Why should Pennsylvania, founded by the   English, become a Colony of Aliens, who will shortly be so numerous as   to Germanize us instead of our Anglifying them, and will never adopt our   Language or Customs, any more than they can acquire our Complexion.

24. Which leads me to add one Remark: That the Number of purely   white People in the World is proportionably very small. All Africa is   black or tawny. Asia chiefly tawny. America (exclusive of the new   Comers) wholly so. And in Europe, theSpaniards, Italians,   French, Russians and Swedes, are generally of what we call   a swarthy Complexion; as are the Germans also, the Saxons only   excepted, who with the English, make the principal Body of White People   on the Face of the Earth. I could wish their Numbers were increased. And while   we are, as I may call it,Scouring our Planet, by clearing   America of Woods, and so making this Side of our Globe reflect a   brighter Light to the Eyes of Inhabitants in Mars or Venus, why should   we in the Sight of Superior Beings, darken its People? why increase the Sons of   Africa, by Planting them in America, where we have so fair an   Opportunity, by excluding all Blacks and Tawneys, of increasing the lovely   White and Red?

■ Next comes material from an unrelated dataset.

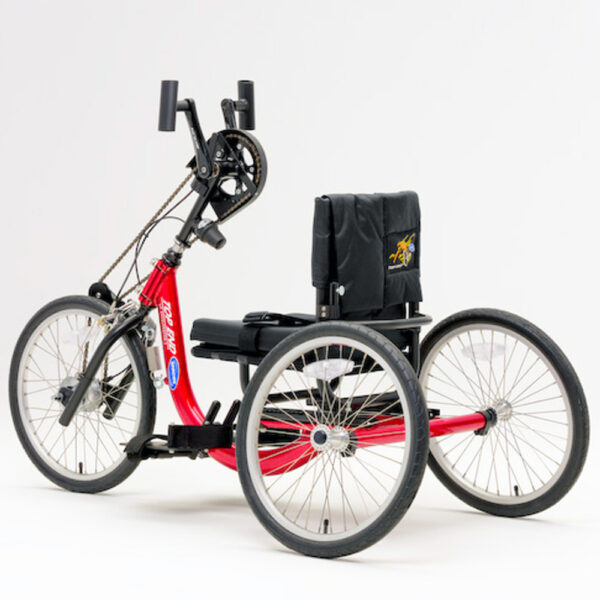 Top End Lil’ Excelerator Handcycle in vibrant red, designed for kids and small adults. The sleek, low-profile frame is equipped with ergonomic hand pedals and three large wheels for stability and smooth maneuverability.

But perhaps I am partial to the Complexion of my Country, for   such Kind of Partiality is natural to Mankind.

As a descendant of some of these German immigrants who came to Pennsylvania before eventually ending up in North Carolina, I could take offense at this. I could demand Franklin be removed from the $100 bill and that his statue be upended everywhere, but I won’t.

I don’t believe in rewriting history and I think Yale did the right thing by not changing the name of Calhoun College. History is history, even with all its warts. You can’t learn from it if you totally blot it out.

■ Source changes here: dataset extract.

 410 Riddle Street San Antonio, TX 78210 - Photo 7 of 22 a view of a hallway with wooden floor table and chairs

Yale students upset about Franklin name

The New York Times reports that actual Yale students were actually upset about the Franklin naming:

Many students were perplexed by the selection of Franklin, who received an honorary degree from Yale. Franklin, like many other founding fathers, was once a slaveholder himself before he became involved in the abolitionist movement. Mr. Salovey explained that Franklin was a “personal hero and role model” of Charles B. Johnson, a businessman and Yale alumnus who donated $250 million to pay for the new buildings — the largest gift in the school’s history — and who suggested the honor.

Of course, the NYT didn’t have any quotes from all the Yale students interviewed about the Franklin name, so I’m not sure that there were that “many” who were “perplexed” by the move.

If these students were upset about a slaveholder (Franklin) who later became an abolitionist, then very few names of any white males prior to 1865 can be used as a name on Yale’s campus.